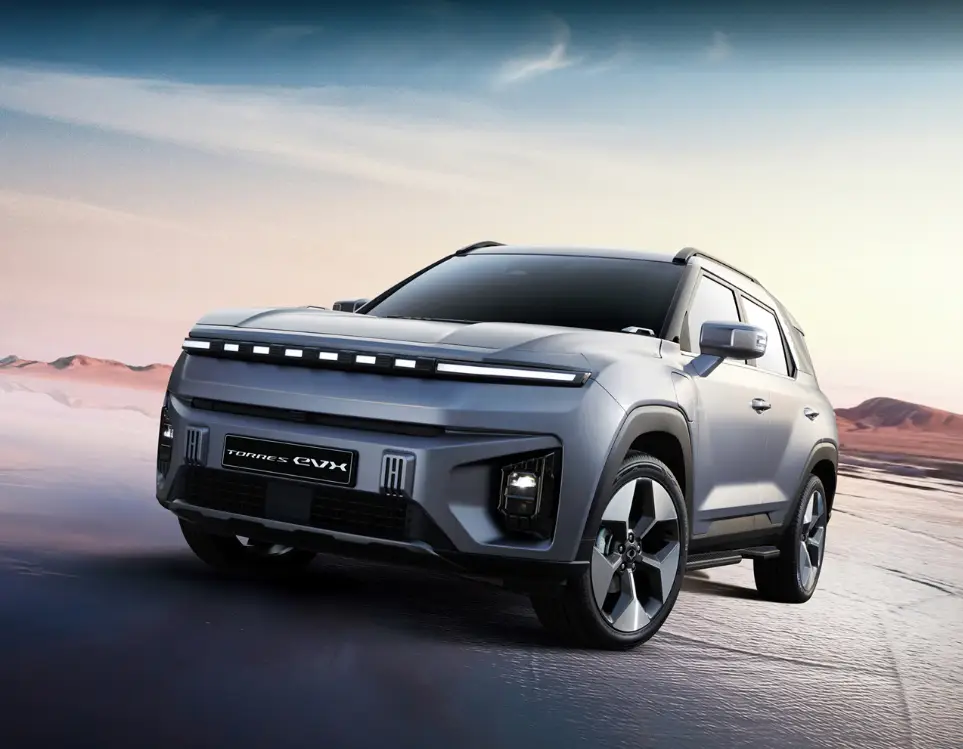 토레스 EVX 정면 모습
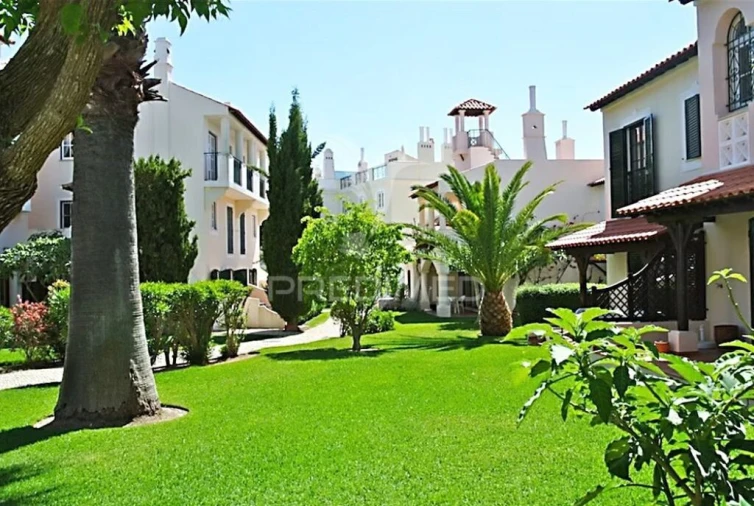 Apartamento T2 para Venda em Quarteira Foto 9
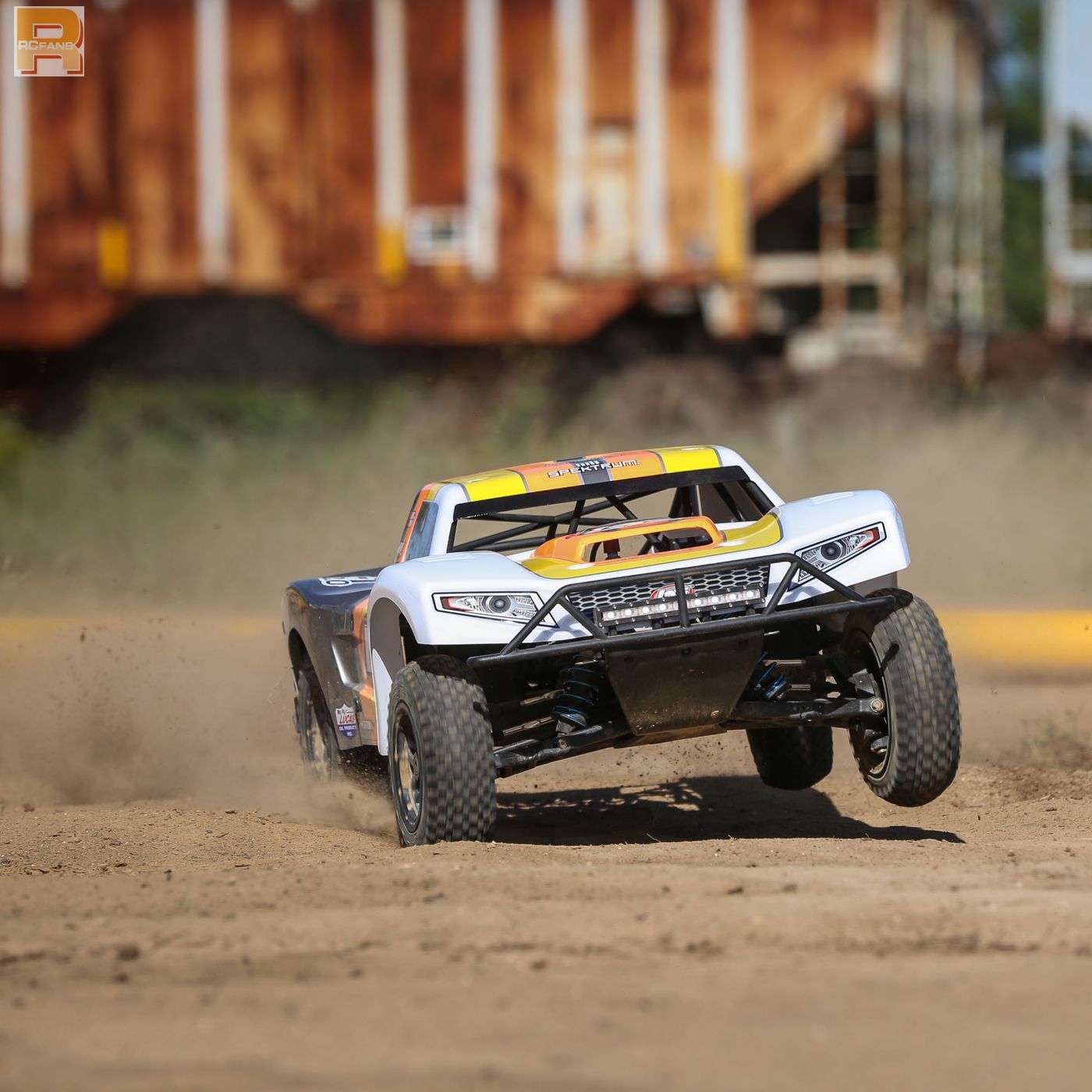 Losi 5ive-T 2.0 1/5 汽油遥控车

_ _ _ _ _ _ _

[WORK TO COMPLETE]
Here the job is to print the data above exactly, except for any pictures.

[RESPONSE AREA]
 토레스 EVX 정면 모습
 Apartamento T2 para Venda em Quarteira Foto 9
 Losi 5ive-T 2.0 1/5 汽油遥控车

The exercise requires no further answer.